On Thu, 25 Feb 2021 17:24:48 +0200
Tariq Toukan <[email protected]> wrote:
> > Hi,
> >
> > Issue still reproduces. Even in GA kernel.
> > It is always preceded by some other lockdep warning.
> >
> > So to get the reproduction:
> > - First, have any lockdep issue.
> > - Then, open bond interface.
> >
> > Any idea what could it be?
> >
> > We'll share any new info as soon as we have it.
Looks like you are triggering:
int bond_update_slave_arr(struct bonding *bond, struct slave *skipslave)
{
struct bond_up_slave *usable_slaves = NULL, *all_slaves = NULL;
struct slave *slave;
struct list_head *iter;
int agg_id = 0;
int ret = 0;
#ifdef CONFIG_LOCKDEP
WARN_ON(lockdep_is_held(&bond->mode_lock));
#endif
And the below commit made lockdep_is_held() always return true if lockdep
has been previously triggered. That is, if you had a lockdep splat earlier,
then lockdep_is_held() will always return true, and this WARN_ON() will
always trigger.
Peter,
Perhaps we should not have this part of your patch:
@@ -5056,13 +5081,13 @@ noinstr int lock_is_held_type(const struct lockdep_map
*lock, int read)
unsigned long flags;
int ret = 0;
- if (unlikely(current->lockdep_recursion))
+ if (unlikely(!lockdep_enabled()))
return 1; /* avoid false negative lockdep_assert_held() */
raw_local_irq_save(flags);
check_flags(flags);
Because that changes how lock_is_held_type() behaves, and it will return
true if there's been an earlier lockdep splat, and any code that has
something like the above is going to fail.

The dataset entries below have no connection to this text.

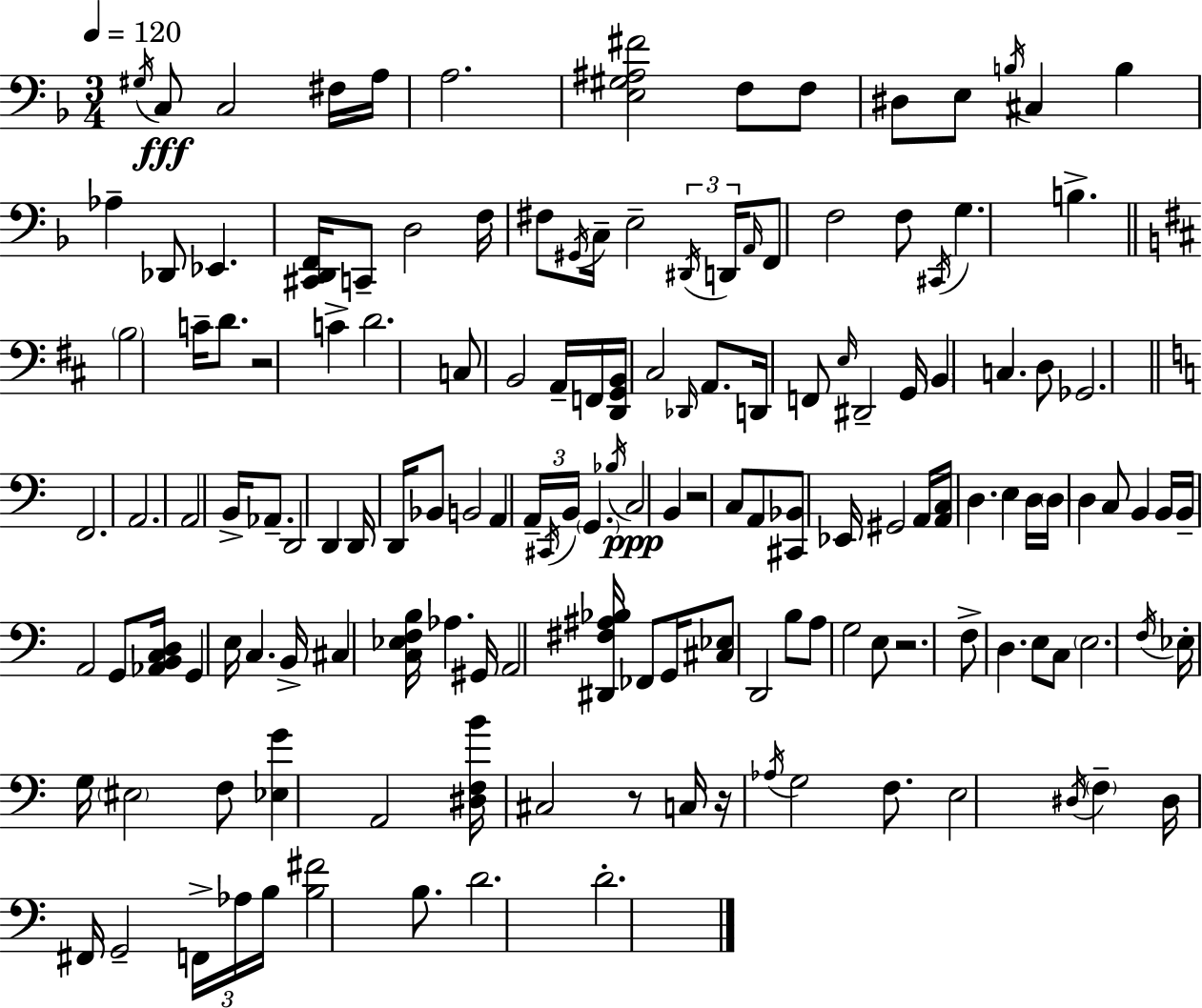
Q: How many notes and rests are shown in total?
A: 148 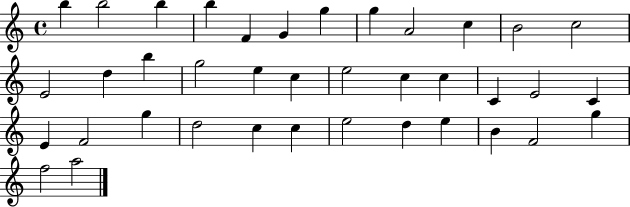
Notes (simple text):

B5/q B5/h B5/q B5/q F4/q G4/q G5/q G5/q A4/h C5/q B4/h C5/h E4/h D5/q B5/q G5/h E5/q C5/q E5/h C5/q C5/q C4/q E4/h C4/q E4/q F4/h G5/q D5/h C5/q C5/q E5/h D5/q E5/q B4/q F4/h G5/q F5/h A5/h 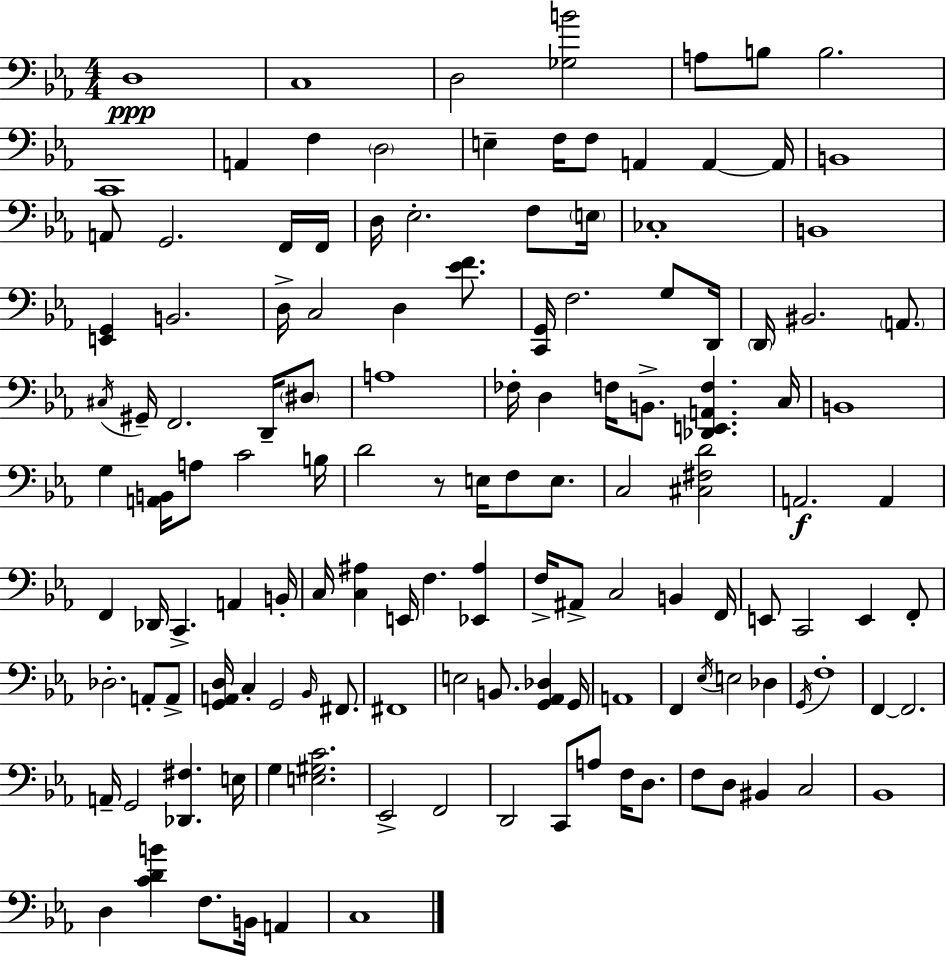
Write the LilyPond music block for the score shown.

{
  \clef bass
  \numericTimeSignature
  \time 4/4
  \key c \minor
  \repeat volta 2 { d1\ppp | c1 | d2 <ges b'>2 | a8 b8 b2. | \break c,1 | a,4 f4 \parenthesize d2 | e4-- f16 f8 a,4 a,4~~ a,16 | b,1 | \break a,8 g,2. f,16 f,16 | d16 ees2.-. f8 \parenthesize e16 | ces1-. | b,1 | \break <e, g,>4 b,2. | d16-> c2 d4 <ees' f'>8. | <c, g,>16 f2. g8 d,16 | \parenthesize d,16 bis,2. \parenthesize a,8. | \break \acciaccatura { cis16 } gis,16-- f,2. d,16-- \parenthesize dis8 | a1 | fes16-. d4 f16 b,8.-> <des, e, a, f>4. | c16 b,1 | \break g4 <a, b,>16 a8 c'2 | b16 d'2 r8 e16 f8 e8. | c2 <cis fis d'>2 | a,2.\f a,4 | \break f,4 des,16 c,4.-> a,4 | b,16-. c16 <c ais>4 e,16 f4. <ees, ais>4 | f16-> ais,8-> c2 b,4 | f,16 e,8 c,2 e,4 f,8-. | \break des2.-. a,8-. a,8-> | <g, a, d>16 c4-. g,2 \grace { bes,16 } fis,8. | fis,1 | e2 b,8. <g, aes, des>4 | \break g,16 a,1 | f,4 \acciaccatura { ees16 } e2 des4 | \acciaccatura { g,16 } f1-. | f,4~~ f,2. | \break a,16-- g,2 <des, fis>4. | e16 g4 <e gis c'>2. | ees,2-> f,2 | d,2 c,8 a8 | \break f16 d8. f8 d8 bis,4 c2 | bes,1 | d4 <c' d' b'>4 f8. b,16 | a,4 c1 | \break } \bar "|."
} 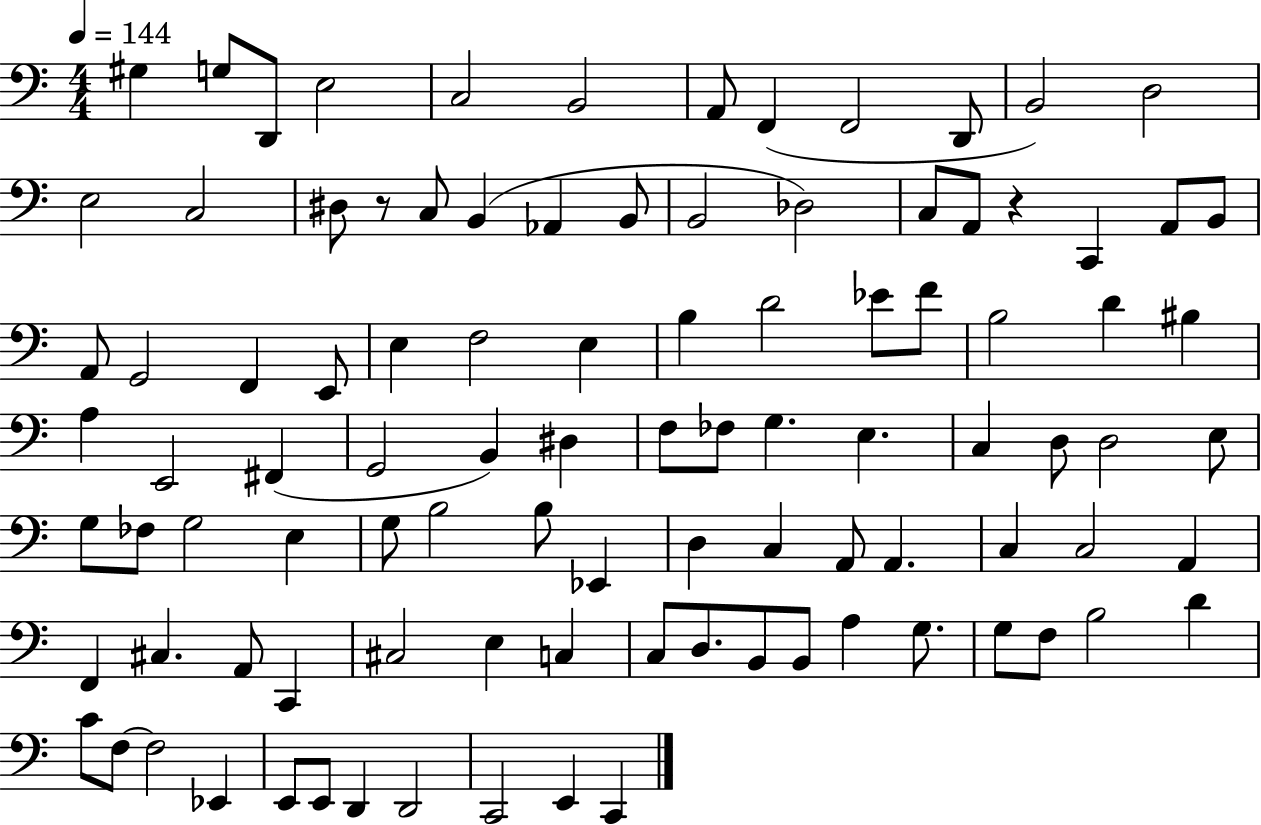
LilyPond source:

{
  \clef bass
  \numericTimeSignature
  \time 4/4
  \key c \major
  \tempo 4 = 144
  gis4 g8 d,8 e2 | c2 b,2 | a,8 f,4( f,2 d,8 | b,2) d2 | \break e2 c2 | dis8 r8 c8 b,4( aes,4 b,8 | b,2 des2) | c8 a,8 r4 c,4 a,8 b,8 | \break a,8 g,2 f,4 e,8 | e4 f2 e4 | b4 d'2 ees'8 f'8 | b2 d'4 bis4 | \break a4 e,2 fis,4( | g,2 b,4) dis4 | f8 fes8 g4. e4. | c4 d8 d2 e8 | \break g8 fes8 g2 e4 | g8 b2 b8 ees,4 | d4 c4 a,8 a,4. | c4 c2 a,4 | \break f,4 cis4. a,8 c,4 | cis2 e4 c4 | c8 d8. b,8 b,8 a4 g8. | g8 f8 b2 d'4 | \break c'8 f8~~ f2 ees,4 | e,8 e,8 d,4 d,2 | c,2 e,4 c,4 | \bar "|."
} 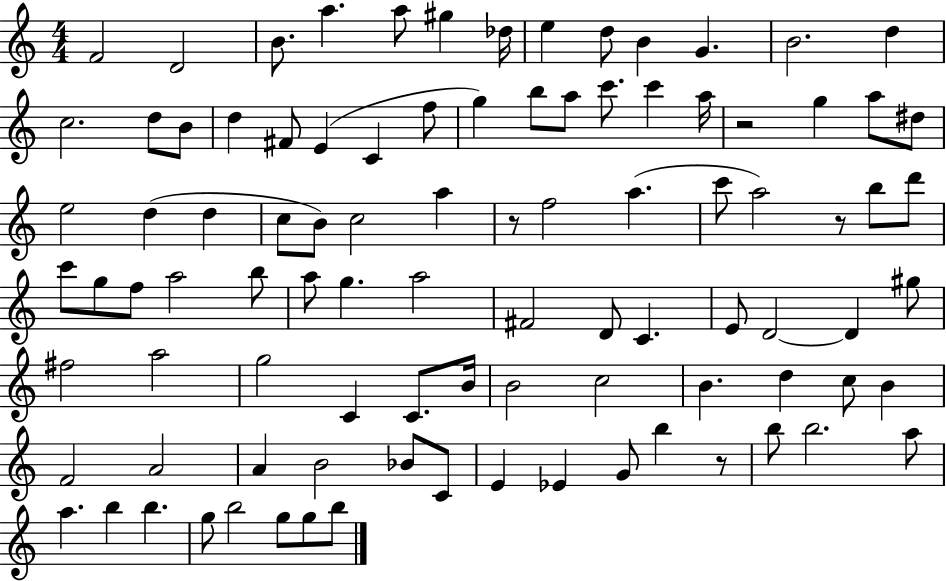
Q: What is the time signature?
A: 4/4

Although, checking if a lot is not held seems rather strange. If anything,
the above should be changed to WARN_ON_ONCE() so that it doesn't constantly
trigger when a lockdep trigger happens.
-- Steve
> >
> > Regards,
> > Tariq
>
>
> Bisect shows this is the offending commit:
>
> commit 4d004099a668c41522242aa146a38cc4eb59cb1e
> Author: Peter Zijlstra <[email protected]>
> Date: Fri Oct 2 11:04:21 2020 +0200
>
> lockdep: Fix lockdep recursion
>
> Steve reported that lockdep_assert*irq*(), when nested inside lockdep
> itself, will trigger a false-positive.
>
> One example is the stack-trace code, as called from inside lockdep,
> triggering tracing, which in turn calls RCU, which then uses
> lockdep_assert_irqs_disabled().
>
> Fixes: a21ee6055c30 ("lockdep: Change hardirq{s_enabled,_context}
> to per-cpu variables")
> Reported-by: Steven Rostedt <[email protected]>
> Signed-off-by: Peter Zijlstra (Intel) <[email protected]>
> Signed-off-by: Ingo Molnar <[email protected]>